• What the task requires:
From the data below, return the exact lines starting at the line containing "Topo de Bolo Moana Baby 3d" and ending at the line containing "thumbnail image 2", both included, and nothing else.

[Start of Attachment]

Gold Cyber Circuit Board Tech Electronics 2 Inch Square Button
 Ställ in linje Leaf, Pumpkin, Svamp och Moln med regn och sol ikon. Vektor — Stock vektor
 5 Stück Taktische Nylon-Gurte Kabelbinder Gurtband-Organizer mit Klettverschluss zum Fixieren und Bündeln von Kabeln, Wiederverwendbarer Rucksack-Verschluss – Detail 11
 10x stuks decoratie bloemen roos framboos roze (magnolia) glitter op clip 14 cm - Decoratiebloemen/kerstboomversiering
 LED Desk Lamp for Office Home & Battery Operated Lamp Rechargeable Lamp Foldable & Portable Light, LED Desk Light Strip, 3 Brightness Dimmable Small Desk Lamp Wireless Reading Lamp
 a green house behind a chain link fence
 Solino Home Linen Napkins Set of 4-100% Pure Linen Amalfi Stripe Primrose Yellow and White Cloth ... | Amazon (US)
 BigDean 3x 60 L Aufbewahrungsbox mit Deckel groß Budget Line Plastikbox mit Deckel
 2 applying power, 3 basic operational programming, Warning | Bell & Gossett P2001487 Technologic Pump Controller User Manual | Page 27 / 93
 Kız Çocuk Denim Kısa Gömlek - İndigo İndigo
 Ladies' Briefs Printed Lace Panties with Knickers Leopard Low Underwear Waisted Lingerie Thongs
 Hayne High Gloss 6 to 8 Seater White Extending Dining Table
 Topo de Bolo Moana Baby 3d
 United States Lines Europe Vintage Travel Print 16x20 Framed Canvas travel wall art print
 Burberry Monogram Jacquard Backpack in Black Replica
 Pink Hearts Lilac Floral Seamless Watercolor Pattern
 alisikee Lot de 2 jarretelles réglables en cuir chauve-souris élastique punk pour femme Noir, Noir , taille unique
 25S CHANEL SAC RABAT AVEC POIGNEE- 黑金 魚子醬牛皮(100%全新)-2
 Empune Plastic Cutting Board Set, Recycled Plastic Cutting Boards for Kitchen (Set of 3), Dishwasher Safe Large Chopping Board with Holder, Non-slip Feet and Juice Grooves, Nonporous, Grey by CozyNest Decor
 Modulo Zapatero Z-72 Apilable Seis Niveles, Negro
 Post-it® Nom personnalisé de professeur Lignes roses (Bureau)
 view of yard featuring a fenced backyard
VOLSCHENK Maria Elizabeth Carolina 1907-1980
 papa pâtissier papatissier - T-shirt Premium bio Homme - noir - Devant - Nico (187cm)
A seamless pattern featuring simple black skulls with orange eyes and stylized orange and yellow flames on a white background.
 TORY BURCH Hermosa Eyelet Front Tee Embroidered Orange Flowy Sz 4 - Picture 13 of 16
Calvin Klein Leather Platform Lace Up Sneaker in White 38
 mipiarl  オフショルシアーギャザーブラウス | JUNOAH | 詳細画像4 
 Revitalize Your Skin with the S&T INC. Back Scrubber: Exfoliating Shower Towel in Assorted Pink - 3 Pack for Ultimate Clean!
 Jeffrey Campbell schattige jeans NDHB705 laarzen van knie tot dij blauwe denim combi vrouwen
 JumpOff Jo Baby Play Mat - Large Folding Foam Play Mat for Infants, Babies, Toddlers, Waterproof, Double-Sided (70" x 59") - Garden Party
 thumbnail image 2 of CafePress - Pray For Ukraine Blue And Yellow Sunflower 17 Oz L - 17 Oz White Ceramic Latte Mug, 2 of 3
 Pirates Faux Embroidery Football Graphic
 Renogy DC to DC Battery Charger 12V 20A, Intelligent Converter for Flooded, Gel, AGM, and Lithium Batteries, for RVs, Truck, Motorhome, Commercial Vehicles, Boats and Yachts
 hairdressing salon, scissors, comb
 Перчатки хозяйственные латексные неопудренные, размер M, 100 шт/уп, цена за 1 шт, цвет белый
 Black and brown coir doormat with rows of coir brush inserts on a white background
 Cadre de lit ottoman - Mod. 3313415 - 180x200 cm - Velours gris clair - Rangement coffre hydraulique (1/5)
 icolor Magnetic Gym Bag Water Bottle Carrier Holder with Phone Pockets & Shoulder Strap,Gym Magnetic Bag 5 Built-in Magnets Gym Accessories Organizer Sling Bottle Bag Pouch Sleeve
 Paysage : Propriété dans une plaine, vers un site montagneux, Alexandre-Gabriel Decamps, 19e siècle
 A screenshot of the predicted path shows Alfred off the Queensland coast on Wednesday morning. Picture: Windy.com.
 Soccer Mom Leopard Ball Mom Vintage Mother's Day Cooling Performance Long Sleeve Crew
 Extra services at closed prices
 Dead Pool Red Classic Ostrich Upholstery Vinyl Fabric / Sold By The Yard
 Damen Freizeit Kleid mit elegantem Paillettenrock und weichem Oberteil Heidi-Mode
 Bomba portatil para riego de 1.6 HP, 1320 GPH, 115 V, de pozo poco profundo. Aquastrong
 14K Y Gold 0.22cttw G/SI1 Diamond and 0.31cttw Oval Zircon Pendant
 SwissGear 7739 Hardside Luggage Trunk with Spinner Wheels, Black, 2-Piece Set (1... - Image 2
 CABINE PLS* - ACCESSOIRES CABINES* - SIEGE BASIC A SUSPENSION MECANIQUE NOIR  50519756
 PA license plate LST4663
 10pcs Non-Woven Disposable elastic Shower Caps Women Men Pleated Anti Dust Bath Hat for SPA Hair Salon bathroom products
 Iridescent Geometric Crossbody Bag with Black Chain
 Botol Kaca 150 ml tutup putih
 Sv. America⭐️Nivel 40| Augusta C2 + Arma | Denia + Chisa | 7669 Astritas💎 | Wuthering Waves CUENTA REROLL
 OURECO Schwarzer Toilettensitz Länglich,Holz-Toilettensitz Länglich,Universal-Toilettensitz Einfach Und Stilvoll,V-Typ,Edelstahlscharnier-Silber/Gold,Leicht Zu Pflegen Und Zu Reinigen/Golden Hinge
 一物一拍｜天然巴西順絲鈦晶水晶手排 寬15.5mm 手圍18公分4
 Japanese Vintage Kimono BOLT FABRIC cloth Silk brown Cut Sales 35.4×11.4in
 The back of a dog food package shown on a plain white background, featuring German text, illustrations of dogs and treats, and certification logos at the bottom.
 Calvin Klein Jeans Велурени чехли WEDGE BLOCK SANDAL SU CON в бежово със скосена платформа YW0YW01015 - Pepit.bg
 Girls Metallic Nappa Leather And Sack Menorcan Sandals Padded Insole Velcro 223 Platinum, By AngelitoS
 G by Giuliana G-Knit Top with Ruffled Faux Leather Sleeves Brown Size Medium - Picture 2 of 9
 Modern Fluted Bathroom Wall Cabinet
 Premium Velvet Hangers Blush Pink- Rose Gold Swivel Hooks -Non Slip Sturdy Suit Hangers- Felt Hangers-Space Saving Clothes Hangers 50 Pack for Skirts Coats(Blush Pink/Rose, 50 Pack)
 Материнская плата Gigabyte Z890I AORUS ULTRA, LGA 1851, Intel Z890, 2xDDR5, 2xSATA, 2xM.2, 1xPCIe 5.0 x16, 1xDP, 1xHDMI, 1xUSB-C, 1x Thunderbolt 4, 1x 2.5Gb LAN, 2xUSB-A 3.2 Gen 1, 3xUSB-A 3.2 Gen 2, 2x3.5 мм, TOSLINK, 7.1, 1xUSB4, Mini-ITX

[End of Attachment]

• Answer to the problem:
 Topo de Bolo Moana Baby 3d
 United States Lines Europe Vintage Travel Print 16x20 Framed Canvas travel wall art print
 Burberry Monogram Jacquard Backpack in Black Replica
 Pink Hearts Lilac Floral Seamless Watercolor Pattern
 alisikee Lot de 2 jarretelles réglables en cuir chauve-souris élastique punk pour femme Noir, Noir , taille unique
 25S CHANEL SAC RABAT AVEC POIGNEE- 黑金 魚子醬牛皮(100%全新)-2
 Empune Plastic Cutting Board Set, Recycled Plastic Cutting Boards for Kitchen (Set of 3), Dishwasher Safe Large Chopping Board with Holder, Non-slip Feet and Juice Grooves, Nonporous, Grey by CozyNest Decor
 Modulo Zapatero Z-72 Apilable Seis Niveles, Negro
 Post-it® Nom personnalisé de professeur Lignes roses (Bureau)
 view of yard featuring a fenced backyard
VOLSCHENK Maria Elizabeth Carolina 1907-1980
 papa pâtissier papatissier - T-shirt Premium bio Homme - noir - Devant - Nico (187cm)
A seamless pattern featuring simple black skulls with orange eyes and stylized orange and yellow flames on a white background.
 TORY BURCH Hermosa Eyelet Front Tee Embroidered Orange Flowy Sz 4 - Picture 13 of 16
Calvin Klein Leather Platform Lace Up Sneaker in White 38
 mipiarl  オフショルシアーギャザーブラウス | JUNOAH | 詳細画像4 
 Revitalize Your Skin with the S&T INC. Back Scrubber: Exfoliating Shower Towel in Assorted Pink - 3 Pack for Ultimate Clean!
 Jeffrey Campbell schattige jeans NDHB705 laarzen van knie tot dij blauwe denim combi vrouwen
 JumpOff Jo Baby Play Mat - Large Folding Foam Play Mat for Infants, Babies, Toddlers, Waterproof, Double-Sided (70" x 59") - Garden Party
 thumbnail image 2 of CafePress - Pray For Ukraine Blue And Yellow Sunflower 17 Oz L - 17 Oz White Ceramic Latte Mug, 2 of 3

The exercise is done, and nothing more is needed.